# Timing Guide procedure



## little240boy (Jan 13, 2004)

after getting an estimate today from the dealership that changing the timing chain, guides, tensioner and neccesary rings is going to be between 700-800 ballpark, with parts i thought that was retarded to pay that much in labour i thought i should check with your guy's opinion. In canada parts are a little more of course then the US, just to compare. however still thats like 300-400 worth of parts. they said it would probably take the whole day for them to do it. so i bought a FSM and took a look. i'm pretty new to fixing anything on a car, an engine noob if you will. bunch of things to ask:

1)are there any special tools that i'll need other then sockets,torque wrench, and screwdrivers?

2)does the distributor fit in only one way or do you have to line it up somewhere?

3)approx. how long would it take a knowledgable mechanic to do this?

4)what do i need to all take off to get to the front cover?

5)ANYONE who has does this and/or can lend me some tips on what i'm getting myself into would be really appreciated.

Cheers,

Matt


----------



## joerc240sx (Jan 19, 2003)

Well you started in the right place by buying the FSM. Next for us to properly help you we need alittle more info about your 240. do you have a 89-90, 91-94, or 95-98? as all these will have some difrences (more so then others). 

I have done the timing chain on my 90, 240 2 times now. if i had the parts and tools when i started i could get it done in a day.

Tools that are needed off the top of my head
Sockets and wrenchs
10mm
12mm
14mm
19mm (belive the cam bolt size)
24mm (belive is the crank bolt size)

Dampner/Pulley Puller

Torque wrench
phillips and flat head screwdrives
timing light
rubber malet

Basic steps to geting started

Start by draining the engine and radiator
remove the intake piping (if you have the stock box still, discont piping from maf)
remove fan cover, and then fan
you should be able to remove the radiator now with the hoses still atached.

at this point you should have alot more room to work with just follow the FSM from there.

also putting the bolts and little parts into zip lock bags and lableing them helps alot later when your putting stuff back together. i have bags full of left over bolts and parts because i didnt do this the frist time.


----------



## little240boy (Jan 13, 2004)

thanks joe for your help. about how much is a pulley puller and a timing light(may be able to borrow these)? how do both these tools work? what do you need the rubber mallot for? i'm still curious about the distributor or do you not need to take it out? in the manual it says you have to take off the oil pump, water pump and the oil pan. is this stuff necessary? oh and its an 89. also, i'm think i'm going to order this timing kit from courtesy nissan but i don't know when my production date was. oh and thanks for the tip with all the screws, i was wondering how the hell i was gonna keep track?!!


----------



## joerc240sx (Jan 19, 2003)

Just about any odd tool you should be able to rent/barow them at most large auto parts stores.
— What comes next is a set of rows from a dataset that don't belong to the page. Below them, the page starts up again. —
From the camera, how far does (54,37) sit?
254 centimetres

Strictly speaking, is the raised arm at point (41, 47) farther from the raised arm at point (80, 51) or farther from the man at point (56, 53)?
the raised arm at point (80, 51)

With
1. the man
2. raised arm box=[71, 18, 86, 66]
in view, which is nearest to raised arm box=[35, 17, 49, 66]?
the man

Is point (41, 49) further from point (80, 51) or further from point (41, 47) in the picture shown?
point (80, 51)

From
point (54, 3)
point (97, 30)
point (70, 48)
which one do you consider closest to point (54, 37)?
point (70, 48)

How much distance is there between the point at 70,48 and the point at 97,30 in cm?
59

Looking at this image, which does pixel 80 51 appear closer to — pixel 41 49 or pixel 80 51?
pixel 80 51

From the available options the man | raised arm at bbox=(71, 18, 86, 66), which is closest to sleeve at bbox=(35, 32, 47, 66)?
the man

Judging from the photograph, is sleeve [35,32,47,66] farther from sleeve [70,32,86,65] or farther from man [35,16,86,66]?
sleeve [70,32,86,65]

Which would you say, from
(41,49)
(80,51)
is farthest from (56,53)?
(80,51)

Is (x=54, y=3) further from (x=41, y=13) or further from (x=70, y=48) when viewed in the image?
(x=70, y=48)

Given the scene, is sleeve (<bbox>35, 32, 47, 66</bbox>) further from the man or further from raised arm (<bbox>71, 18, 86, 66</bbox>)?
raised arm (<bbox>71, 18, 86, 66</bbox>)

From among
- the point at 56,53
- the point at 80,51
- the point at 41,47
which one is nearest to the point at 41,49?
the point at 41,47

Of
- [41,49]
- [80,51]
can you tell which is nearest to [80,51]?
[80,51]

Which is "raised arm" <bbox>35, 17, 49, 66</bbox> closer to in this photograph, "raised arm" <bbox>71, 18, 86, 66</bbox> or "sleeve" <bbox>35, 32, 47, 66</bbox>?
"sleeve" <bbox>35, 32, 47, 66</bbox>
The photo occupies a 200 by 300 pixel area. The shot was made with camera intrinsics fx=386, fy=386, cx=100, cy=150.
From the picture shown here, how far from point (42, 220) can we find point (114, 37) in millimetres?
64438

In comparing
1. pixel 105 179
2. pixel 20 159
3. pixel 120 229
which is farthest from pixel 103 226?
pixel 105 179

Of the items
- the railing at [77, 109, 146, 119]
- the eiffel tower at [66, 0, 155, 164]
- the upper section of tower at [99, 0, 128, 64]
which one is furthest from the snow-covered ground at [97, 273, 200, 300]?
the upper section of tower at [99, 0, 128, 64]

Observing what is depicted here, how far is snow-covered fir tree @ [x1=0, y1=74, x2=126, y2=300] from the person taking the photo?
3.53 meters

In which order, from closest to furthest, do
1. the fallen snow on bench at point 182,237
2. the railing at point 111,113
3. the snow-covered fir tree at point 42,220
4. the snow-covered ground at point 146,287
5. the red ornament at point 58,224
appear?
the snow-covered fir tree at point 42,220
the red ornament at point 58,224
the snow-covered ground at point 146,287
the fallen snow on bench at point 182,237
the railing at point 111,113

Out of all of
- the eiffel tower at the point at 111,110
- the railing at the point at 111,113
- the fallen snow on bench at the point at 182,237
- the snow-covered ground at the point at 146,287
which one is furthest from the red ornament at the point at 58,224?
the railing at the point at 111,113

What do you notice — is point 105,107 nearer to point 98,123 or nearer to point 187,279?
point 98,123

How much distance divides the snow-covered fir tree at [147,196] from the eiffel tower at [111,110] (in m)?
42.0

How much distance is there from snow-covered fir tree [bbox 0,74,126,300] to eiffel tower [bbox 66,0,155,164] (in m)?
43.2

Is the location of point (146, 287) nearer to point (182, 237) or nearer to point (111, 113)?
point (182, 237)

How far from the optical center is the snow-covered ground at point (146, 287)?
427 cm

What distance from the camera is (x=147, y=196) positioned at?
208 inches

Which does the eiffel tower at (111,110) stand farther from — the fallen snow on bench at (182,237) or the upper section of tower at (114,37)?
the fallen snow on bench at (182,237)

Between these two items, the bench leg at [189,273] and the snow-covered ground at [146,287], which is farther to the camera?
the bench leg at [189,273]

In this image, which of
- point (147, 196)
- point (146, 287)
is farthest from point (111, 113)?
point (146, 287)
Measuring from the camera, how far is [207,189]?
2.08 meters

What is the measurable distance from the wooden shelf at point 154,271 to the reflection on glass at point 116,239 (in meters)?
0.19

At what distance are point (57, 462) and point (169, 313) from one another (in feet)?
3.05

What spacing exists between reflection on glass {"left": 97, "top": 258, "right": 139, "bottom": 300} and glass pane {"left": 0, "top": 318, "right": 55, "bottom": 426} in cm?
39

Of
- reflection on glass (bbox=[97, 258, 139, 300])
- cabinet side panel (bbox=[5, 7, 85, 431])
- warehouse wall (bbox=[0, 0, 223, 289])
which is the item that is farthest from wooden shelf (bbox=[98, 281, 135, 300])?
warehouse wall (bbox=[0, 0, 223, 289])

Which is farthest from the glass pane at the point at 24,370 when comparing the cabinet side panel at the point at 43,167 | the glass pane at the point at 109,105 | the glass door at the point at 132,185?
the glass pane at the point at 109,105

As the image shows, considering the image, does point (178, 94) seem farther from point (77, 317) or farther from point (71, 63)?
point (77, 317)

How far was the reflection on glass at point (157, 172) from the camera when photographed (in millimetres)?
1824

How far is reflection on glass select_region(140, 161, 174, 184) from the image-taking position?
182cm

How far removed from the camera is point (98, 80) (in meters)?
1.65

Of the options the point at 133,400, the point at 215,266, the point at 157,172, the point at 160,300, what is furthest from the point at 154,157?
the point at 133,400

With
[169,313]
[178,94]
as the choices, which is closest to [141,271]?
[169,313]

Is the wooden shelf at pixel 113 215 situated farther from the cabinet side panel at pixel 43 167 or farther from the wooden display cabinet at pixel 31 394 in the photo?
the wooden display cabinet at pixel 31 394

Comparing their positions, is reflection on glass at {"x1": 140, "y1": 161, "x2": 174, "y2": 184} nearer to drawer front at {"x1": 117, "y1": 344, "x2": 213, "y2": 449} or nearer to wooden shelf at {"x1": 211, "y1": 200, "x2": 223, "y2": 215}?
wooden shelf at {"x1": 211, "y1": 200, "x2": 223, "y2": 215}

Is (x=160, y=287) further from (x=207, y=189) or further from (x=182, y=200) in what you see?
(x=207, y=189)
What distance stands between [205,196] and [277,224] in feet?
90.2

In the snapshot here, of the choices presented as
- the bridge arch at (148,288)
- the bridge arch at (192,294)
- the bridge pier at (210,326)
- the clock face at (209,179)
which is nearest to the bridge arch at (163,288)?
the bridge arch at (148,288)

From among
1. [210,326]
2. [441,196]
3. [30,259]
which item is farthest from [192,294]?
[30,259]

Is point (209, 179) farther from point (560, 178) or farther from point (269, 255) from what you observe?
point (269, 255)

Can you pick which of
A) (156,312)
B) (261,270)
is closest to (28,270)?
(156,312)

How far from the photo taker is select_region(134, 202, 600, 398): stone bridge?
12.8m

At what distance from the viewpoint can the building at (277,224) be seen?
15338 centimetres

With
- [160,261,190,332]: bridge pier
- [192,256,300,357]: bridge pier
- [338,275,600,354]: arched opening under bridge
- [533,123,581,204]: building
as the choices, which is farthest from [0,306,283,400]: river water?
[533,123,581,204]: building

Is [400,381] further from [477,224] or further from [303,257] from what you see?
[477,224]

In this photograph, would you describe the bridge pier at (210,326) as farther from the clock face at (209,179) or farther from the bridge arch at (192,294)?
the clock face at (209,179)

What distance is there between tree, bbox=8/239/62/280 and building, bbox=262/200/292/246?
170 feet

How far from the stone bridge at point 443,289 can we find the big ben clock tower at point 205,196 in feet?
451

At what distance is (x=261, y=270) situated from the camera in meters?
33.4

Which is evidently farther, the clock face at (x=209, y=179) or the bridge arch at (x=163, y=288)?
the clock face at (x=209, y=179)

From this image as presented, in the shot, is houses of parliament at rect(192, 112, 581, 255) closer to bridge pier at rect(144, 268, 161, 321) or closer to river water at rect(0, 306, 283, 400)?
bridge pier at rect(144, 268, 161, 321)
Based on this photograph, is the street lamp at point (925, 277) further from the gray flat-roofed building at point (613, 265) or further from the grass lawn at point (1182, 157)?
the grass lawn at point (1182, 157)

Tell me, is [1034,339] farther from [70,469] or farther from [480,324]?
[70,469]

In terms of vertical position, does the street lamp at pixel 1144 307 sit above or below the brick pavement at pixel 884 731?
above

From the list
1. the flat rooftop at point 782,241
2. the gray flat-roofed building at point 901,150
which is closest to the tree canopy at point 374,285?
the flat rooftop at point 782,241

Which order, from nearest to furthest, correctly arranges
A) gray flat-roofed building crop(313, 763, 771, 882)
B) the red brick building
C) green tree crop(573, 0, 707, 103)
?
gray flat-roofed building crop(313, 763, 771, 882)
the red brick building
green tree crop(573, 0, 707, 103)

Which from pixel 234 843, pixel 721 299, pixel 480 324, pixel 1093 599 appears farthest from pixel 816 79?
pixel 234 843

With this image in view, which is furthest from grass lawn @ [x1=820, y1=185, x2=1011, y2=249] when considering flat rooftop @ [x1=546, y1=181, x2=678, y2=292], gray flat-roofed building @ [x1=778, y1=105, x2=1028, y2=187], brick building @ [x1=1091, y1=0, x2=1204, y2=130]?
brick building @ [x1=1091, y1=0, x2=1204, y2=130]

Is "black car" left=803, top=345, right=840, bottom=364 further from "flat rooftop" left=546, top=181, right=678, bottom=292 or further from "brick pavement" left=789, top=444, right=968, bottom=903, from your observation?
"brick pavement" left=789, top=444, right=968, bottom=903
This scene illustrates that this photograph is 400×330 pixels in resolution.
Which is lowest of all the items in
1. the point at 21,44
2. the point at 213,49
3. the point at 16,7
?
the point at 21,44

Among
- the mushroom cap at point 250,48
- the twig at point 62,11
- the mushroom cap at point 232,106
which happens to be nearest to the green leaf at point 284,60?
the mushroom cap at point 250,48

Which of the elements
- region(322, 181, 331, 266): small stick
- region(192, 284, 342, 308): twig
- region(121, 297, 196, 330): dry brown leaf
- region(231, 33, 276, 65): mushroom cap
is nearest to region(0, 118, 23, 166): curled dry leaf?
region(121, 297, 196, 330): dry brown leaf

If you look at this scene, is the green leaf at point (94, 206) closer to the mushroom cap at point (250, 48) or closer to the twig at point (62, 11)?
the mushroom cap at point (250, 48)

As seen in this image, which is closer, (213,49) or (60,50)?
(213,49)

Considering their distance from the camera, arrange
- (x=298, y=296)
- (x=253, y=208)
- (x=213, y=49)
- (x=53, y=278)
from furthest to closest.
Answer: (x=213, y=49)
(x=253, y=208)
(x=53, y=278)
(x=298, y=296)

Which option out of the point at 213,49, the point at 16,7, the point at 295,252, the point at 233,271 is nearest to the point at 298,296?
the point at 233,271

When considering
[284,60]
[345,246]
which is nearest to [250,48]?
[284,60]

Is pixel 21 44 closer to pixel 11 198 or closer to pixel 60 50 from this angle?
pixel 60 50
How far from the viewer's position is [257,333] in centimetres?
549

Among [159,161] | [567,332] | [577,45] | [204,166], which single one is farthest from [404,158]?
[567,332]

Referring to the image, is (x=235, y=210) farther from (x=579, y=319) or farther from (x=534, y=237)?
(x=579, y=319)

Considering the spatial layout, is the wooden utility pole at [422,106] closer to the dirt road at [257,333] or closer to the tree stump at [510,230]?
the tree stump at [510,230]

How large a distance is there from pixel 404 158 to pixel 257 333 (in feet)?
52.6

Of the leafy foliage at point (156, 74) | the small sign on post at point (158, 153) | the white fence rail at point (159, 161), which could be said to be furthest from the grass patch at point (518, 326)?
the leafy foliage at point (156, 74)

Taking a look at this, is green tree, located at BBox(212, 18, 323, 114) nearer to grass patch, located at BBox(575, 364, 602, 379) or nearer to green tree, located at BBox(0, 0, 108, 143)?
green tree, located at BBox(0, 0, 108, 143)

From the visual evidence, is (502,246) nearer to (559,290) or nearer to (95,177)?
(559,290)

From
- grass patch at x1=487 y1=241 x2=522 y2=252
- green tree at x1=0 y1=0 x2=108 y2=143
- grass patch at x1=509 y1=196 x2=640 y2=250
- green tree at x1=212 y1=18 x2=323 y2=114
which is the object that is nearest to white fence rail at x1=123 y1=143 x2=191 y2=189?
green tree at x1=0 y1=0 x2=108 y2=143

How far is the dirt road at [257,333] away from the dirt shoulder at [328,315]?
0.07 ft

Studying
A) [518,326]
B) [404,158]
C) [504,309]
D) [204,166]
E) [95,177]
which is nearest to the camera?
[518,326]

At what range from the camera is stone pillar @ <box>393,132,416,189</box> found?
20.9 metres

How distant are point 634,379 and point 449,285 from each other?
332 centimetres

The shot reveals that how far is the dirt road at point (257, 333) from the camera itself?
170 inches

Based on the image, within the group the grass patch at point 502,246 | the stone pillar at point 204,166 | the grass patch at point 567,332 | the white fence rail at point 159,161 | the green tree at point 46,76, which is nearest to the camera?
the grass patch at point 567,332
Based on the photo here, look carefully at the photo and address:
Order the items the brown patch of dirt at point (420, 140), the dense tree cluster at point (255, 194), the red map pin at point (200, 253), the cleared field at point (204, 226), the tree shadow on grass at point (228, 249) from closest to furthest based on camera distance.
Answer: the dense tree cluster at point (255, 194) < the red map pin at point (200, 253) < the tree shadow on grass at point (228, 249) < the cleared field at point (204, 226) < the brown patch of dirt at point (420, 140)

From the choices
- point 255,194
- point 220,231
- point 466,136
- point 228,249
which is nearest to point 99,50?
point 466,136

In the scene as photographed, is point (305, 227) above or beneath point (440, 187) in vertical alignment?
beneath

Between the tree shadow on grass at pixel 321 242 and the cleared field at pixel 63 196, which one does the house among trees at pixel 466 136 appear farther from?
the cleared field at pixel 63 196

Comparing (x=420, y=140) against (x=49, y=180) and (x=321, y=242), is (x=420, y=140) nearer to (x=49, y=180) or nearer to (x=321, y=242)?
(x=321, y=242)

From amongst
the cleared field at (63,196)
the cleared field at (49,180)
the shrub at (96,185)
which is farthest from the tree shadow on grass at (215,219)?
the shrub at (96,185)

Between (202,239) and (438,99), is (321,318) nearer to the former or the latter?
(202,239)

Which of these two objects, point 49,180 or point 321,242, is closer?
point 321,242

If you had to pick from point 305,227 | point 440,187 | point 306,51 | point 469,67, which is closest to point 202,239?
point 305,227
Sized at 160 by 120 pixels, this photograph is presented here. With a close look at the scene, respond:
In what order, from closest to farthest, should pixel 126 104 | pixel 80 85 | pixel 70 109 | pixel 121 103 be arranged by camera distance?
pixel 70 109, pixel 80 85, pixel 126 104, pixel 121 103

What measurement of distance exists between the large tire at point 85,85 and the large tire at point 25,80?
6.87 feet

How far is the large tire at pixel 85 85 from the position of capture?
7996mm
Rubber mallot is to help remove the front cover.

As for production date, check on the drivers side door seal, it should have info regarding your 240 and its production date on it. you are going to have to pull out your distriputer, and your oil pump. they are pretty easy to line back up and you can mark the bolts befor you take it out to help get the timing back pretty close. you can even mark the rotor (or take pics of it so that you can be sure you have it lined back up right, digital camera can come in handy) I belive the directions in the FSM is pretty stright forward just read through it a couple times and you should be fine. do you have any friends that are good with cars that could help you?


----------



## Prelude Guy (Jul 19, 2004)

What year is your 240SX. There was a recall for the timing belt guide that might still be available to you. It only applies to 240s within a certain VIN number range.

The place I took mine to was going to still honor the recall even though it is so old. 

I have the info at home. I will PM you the VIN range. Might as well see if they will cover it.

This applies to 89 240SXs


----------